3.)    Determining how you will fasten the pieces together during the final assembly stage is an important consideration. This is especially true if the wall panels will arrive at the job site fully enclosed. This might require special attention in the prefabrication stage to make sure that the necessary preparations have been made to allow assembly. Again I refer to Michael Janzen’s plans were he uses a plywood spline between panels. This approach requires that the necessary slot be included in the panels when they are prefabricated. There also are various types of special fasteners that are designed for attaching panels together that would need to be built into the panels during construction.

4.)    The degree of completeness you intend for the prefabricated modules can have a huge influence on the design. As mentioned above the more complete a panel is the heavier it will be. There is also a potential issue relative to inspection of the structure if that is required. Prefabrication companies that make modules that are completely enclosed have to make special arrangements with the appropriate government agencies to pre-inspect their products before they get to the job site. This is one reason that wood frame panelizing companies most typically leave the inner skins off of their panels.

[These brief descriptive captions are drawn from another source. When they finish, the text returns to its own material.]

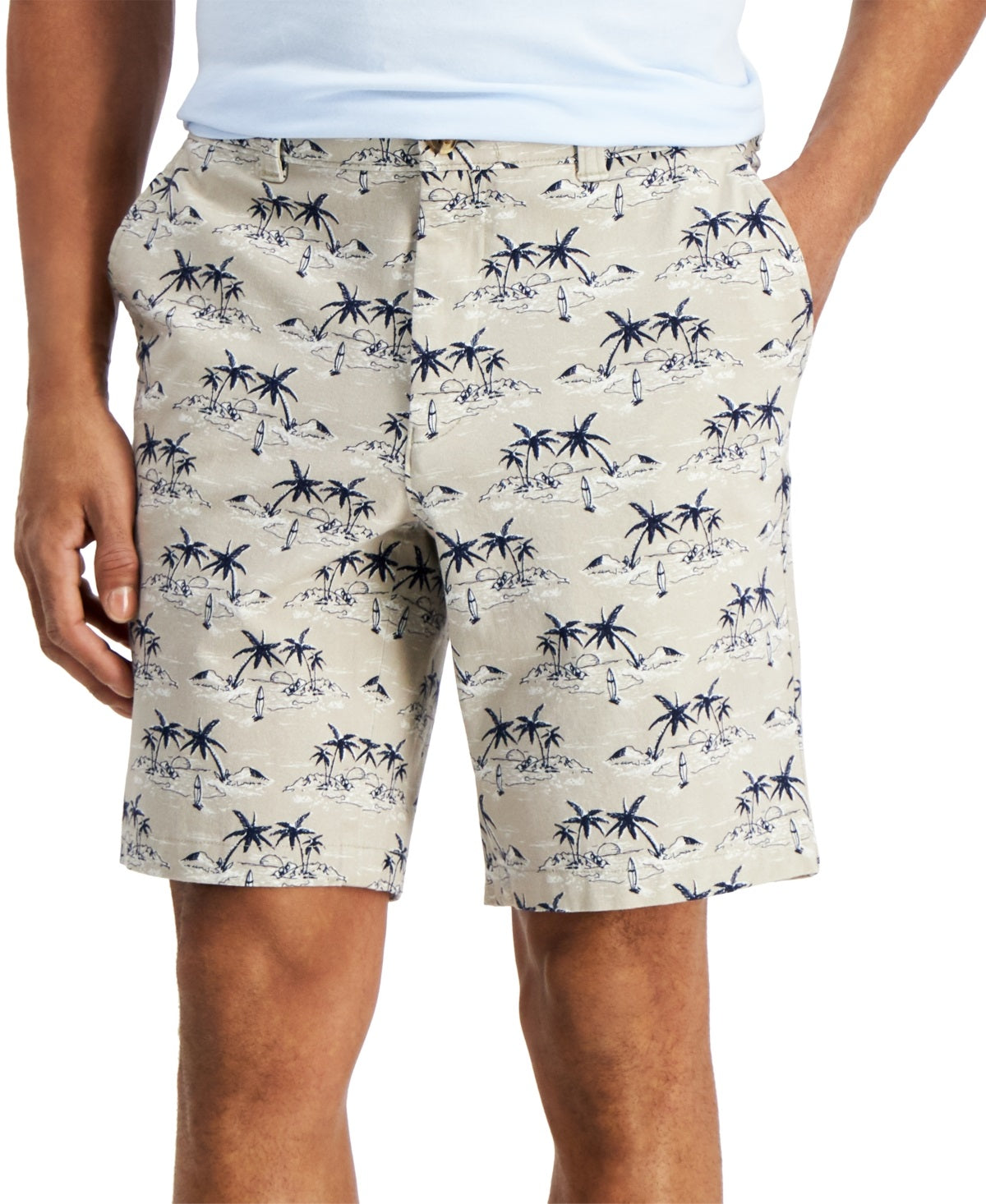 Club Room Men's Regular Fit Stretch Island Print 9 Shorts Brown Size 44
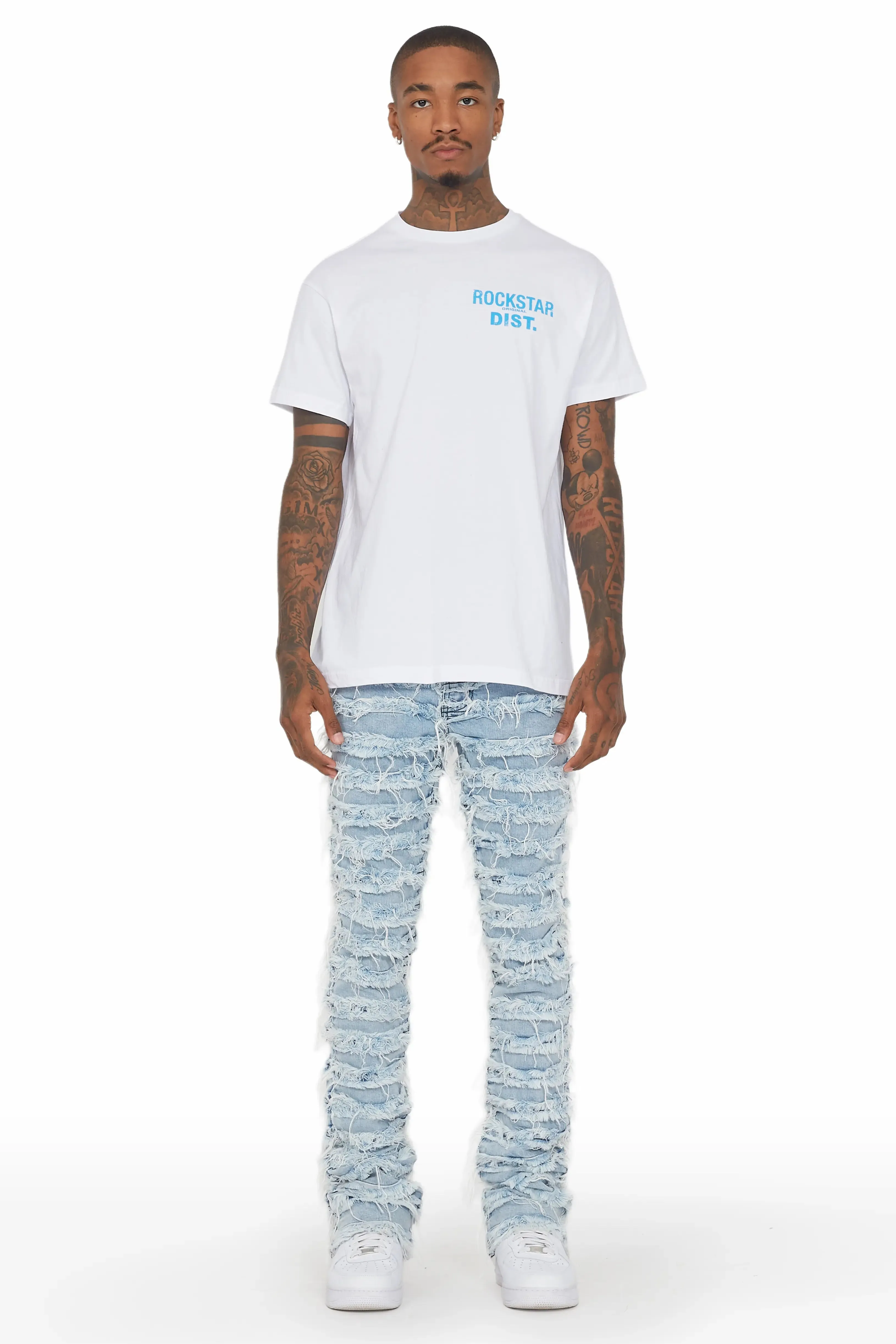 Ayan Blue Distressed Stacked Flare Jeans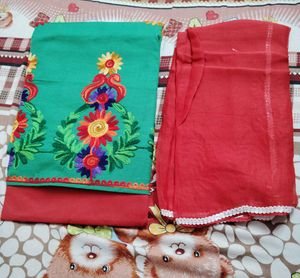 Embroidered Green & Red Suit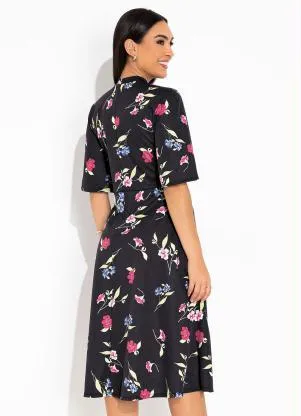 Rosalie - Vestido Floral Preto Evasê - ROSALIE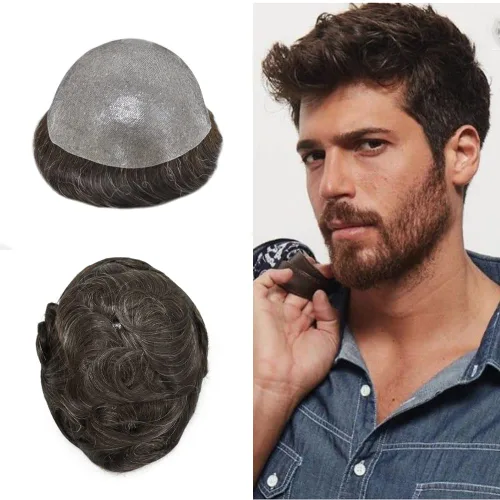 Miniatura 28 de Hair Nature - Tupé para hombres, sistema de repuesto de piezas de cabello humano, unidades de pelo negro con bucle en V de piel fina, 100% cabello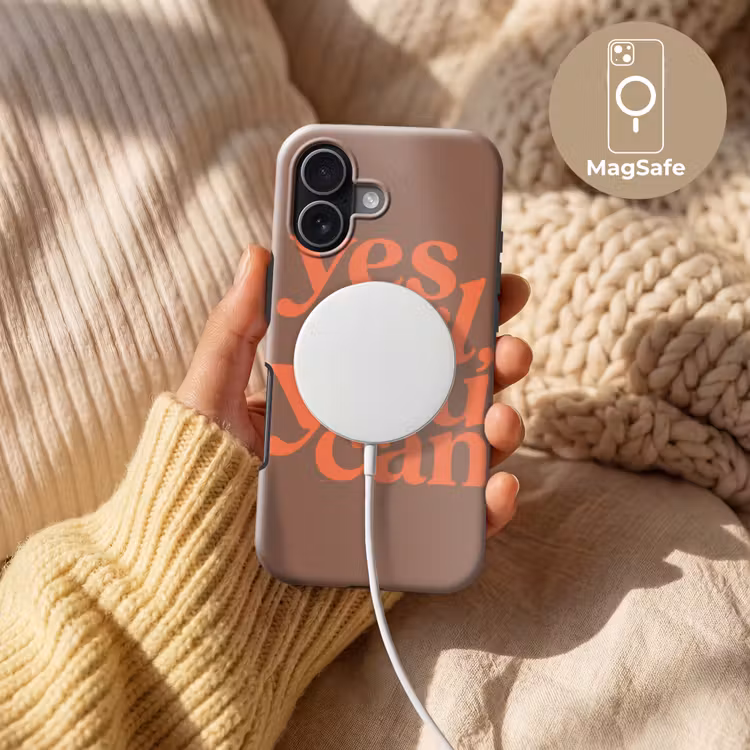 Yes girl you can - Oranje - Bruin Toughcase MagSafe Apple iPhone 17 klein -USP_MagsafeV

5.)    Permanence and/or the potential need to relocate a structure should be considered. One extreme example of this is found in the modular home industry where the entire home might need to have wheels mounted on it so that it can be moved. This dictates certain things about the maximum size of the individual module – namely that it has to fit on the road. This also dictates certain things about the base frame, which is typically built out of steel. Other material choices are made with the thought of moving the structure in mind. For example overall weight and material flexibility is considered. You might want to use construction adhesive in the assembly process if you do not anticipate relocation.